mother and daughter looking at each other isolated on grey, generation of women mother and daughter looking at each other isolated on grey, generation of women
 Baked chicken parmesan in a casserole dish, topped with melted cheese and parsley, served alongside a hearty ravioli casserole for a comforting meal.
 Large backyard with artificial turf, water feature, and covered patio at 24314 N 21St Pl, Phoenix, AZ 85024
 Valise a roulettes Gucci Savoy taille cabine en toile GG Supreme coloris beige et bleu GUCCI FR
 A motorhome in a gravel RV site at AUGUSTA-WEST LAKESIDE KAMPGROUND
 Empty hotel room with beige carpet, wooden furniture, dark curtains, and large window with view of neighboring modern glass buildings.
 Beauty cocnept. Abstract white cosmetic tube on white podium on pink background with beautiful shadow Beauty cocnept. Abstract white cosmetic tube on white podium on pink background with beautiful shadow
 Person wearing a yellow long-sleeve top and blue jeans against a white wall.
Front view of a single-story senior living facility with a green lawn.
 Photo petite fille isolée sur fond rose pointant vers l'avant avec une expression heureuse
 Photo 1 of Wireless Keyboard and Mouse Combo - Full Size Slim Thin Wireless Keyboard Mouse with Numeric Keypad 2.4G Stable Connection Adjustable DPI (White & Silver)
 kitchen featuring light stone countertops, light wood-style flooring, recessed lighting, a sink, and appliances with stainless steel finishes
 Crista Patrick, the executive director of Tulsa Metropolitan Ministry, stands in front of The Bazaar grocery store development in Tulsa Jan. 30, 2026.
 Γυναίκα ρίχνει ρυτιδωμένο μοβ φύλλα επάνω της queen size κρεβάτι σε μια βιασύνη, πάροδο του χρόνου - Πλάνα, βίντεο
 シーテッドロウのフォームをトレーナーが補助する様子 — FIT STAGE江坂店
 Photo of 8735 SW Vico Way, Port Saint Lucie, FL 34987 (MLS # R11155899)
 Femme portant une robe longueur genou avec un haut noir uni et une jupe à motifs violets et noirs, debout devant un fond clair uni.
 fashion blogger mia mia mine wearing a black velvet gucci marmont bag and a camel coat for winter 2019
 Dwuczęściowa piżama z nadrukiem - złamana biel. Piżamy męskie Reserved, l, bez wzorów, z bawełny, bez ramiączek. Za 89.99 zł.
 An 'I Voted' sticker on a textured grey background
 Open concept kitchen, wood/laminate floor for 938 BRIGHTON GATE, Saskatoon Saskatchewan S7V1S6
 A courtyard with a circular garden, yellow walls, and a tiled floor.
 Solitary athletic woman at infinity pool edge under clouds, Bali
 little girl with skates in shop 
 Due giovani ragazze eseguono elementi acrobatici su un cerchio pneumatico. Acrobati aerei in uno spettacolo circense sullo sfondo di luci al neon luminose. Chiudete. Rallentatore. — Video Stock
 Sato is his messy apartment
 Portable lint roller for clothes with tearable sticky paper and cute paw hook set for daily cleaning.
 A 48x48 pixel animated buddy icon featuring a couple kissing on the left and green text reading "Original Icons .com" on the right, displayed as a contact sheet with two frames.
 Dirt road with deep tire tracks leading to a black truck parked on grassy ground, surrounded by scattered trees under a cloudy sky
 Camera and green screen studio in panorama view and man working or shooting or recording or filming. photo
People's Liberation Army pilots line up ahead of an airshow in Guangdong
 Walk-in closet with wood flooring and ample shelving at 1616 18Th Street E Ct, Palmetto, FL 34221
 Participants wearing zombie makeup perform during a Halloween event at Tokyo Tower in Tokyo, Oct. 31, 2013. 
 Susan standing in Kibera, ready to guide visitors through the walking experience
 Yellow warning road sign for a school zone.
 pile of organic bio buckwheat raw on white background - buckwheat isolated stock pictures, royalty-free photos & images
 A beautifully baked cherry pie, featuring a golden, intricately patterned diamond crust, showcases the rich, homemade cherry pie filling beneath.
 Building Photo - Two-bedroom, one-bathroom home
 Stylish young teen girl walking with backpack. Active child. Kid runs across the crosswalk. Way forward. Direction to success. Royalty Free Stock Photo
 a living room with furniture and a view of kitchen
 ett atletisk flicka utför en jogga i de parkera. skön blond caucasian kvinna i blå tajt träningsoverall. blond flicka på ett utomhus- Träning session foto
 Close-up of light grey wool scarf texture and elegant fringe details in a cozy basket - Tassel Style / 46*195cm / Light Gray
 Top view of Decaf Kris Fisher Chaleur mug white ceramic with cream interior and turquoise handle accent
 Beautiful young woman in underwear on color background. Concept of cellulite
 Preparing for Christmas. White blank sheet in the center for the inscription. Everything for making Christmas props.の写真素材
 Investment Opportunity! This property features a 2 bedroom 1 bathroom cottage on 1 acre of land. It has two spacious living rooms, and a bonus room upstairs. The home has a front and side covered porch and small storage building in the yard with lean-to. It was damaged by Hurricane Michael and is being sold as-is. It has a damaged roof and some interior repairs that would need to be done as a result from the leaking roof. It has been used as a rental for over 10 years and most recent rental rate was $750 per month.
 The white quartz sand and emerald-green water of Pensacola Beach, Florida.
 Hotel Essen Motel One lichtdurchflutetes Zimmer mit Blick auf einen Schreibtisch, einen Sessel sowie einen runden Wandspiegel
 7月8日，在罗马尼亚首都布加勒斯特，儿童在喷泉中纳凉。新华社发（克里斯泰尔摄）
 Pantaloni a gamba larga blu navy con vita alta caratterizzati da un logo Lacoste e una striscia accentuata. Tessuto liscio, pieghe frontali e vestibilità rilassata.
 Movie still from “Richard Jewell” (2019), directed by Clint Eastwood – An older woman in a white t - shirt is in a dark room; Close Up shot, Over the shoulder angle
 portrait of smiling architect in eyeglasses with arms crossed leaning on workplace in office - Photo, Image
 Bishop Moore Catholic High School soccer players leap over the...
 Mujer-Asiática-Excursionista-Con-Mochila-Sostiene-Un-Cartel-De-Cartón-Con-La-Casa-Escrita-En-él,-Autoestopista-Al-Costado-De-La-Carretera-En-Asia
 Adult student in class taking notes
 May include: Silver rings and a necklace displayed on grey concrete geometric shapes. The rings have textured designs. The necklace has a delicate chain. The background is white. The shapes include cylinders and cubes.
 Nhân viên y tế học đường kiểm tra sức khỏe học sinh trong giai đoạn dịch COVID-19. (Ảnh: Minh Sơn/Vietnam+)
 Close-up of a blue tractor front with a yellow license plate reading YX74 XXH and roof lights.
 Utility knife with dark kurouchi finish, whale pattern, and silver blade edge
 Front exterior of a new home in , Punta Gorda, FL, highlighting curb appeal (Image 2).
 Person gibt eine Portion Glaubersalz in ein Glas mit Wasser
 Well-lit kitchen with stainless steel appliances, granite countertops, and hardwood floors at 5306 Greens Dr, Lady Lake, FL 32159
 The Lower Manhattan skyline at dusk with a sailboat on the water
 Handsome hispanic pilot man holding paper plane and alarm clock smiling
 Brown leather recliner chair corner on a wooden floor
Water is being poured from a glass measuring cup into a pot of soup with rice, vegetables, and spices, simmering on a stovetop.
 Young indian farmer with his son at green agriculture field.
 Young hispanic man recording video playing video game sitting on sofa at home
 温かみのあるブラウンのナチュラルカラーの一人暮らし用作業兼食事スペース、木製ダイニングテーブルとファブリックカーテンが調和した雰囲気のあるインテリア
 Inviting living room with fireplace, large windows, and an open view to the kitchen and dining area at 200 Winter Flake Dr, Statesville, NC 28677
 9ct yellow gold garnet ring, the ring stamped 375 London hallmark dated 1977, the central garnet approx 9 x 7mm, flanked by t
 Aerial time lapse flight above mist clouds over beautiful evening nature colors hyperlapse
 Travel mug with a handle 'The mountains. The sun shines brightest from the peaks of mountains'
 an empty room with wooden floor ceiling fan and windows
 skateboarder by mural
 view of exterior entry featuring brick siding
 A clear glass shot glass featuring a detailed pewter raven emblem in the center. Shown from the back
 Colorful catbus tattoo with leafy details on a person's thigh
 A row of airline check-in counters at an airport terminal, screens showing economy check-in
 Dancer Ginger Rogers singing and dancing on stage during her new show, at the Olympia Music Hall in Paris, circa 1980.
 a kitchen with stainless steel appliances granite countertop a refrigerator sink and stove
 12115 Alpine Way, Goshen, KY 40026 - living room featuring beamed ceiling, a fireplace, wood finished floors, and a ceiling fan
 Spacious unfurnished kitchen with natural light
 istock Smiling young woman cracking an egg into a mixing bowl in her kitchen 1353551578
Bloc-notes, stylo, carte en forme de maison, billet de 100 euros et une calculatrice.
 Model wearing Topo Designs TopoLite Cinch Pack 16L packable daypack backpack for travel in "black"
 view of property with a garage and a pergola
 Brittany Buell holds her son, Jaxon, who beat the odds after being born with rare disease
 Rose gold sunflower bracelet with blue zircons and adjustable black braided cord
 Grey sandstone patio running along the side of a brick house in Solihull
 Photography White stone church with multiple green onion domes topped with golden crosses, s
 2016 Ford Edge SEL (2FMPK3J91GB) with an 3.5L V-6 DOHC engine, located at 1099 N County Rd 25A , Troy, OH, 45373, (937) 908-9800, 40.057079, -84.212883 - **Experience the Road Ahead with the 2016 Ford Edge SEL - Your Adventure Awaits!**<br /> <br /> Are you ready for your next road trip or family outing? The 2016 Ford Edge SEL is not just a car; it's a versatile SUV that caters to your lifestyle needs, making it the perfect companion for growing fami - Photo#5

----------

Exercise: In the listing above, locate the line containing "A motorhome in" and the line containing "Empty hotel room", then transcribe both and every line between them verbatim.

Answer space:
 A motorhome in a gravel RV site at AUGUSTA-WEST LAKESIDE KAMPGROUND
 Empty hotel room with beige carpet, wooden furniture, dark curtains, and large window with view of neighboring modern glass buildings.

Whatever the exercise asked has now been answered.